Exact Community Recovery in Correlated Stochastic Block Models
This work addresses the challenge of community detection in correlated networks for researchers in network science and machine learning, providing a foundational theoretical advance with potential applications in social and biological network analysis.
The paper tackles the problem of learning latent community structure from multiple correlated networks, deriving the precise information-theoretic threshold for exact community recovery in edge-correlated stochastic block models with two balanced communities and logarithmic average degree, and uncovering a parameter region where recovery is possible with multiple graphs despite being impossible with a single graph or via exact graph matching.

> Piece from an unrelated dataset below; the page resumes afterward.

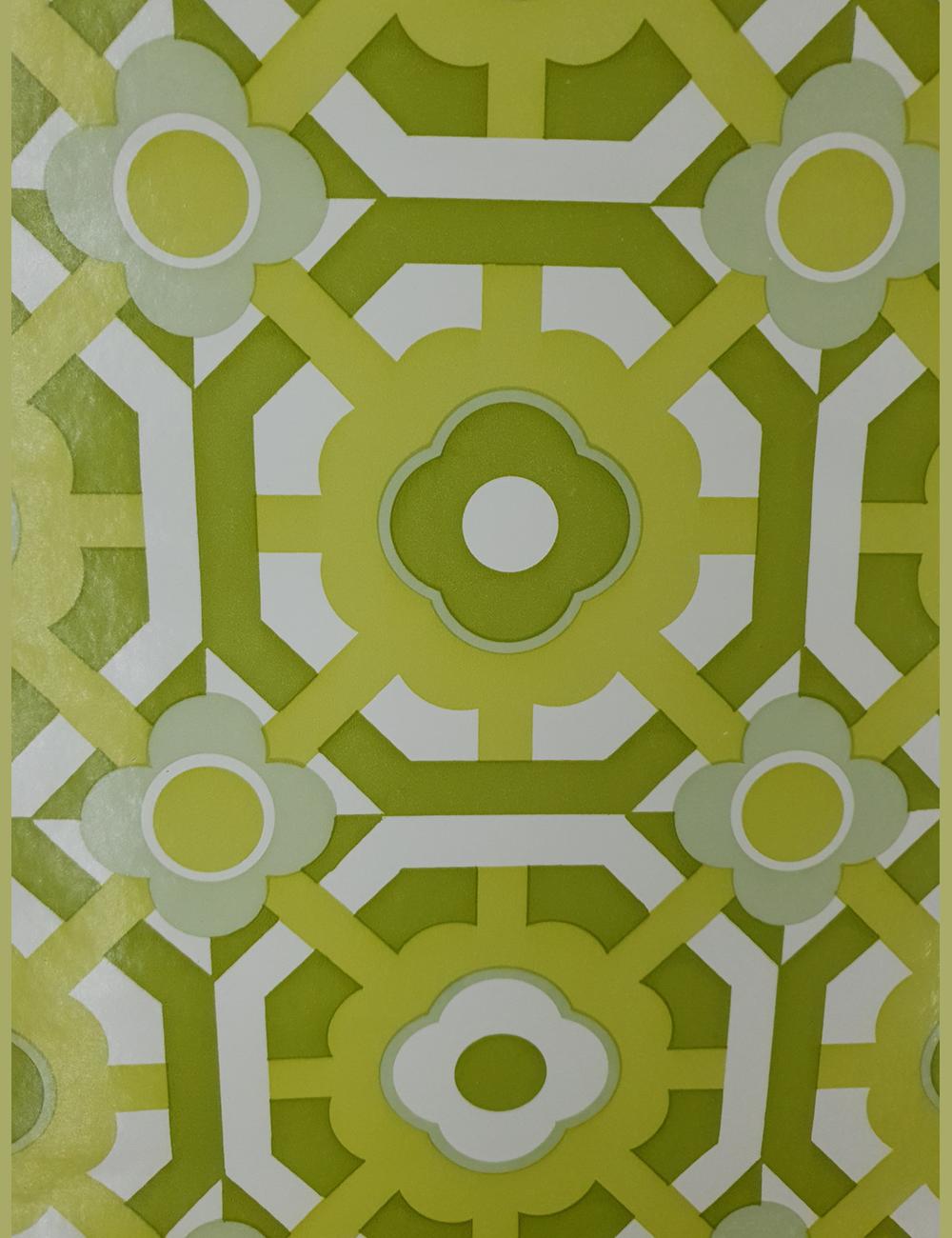 Geometrische 70s bloemen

We consider the problem of learning latent community structure from multiple correlated networks. We study edge-correlated stochastic block models with two balanced communities, focusing on the regime where the average degree is logarithmic in the number of vertices. Our main result derives the precise information-theoretic threshold for exact community recovery using multiple correlated graphs. This threshold captures the interplay between the community recovery and graph matching tasks. In particular, we uncover and characterize a region of the parameter space where exact community recovery is possible using multiple correlated graphs, even though (1) this is information-theoretically impossible using a single graph and (2) exact graph matching is also information-theoretically impossible. In this regime, we develop a novel algorithm that carefully synthesizes algorithms from the community recovery and graph matching literatures.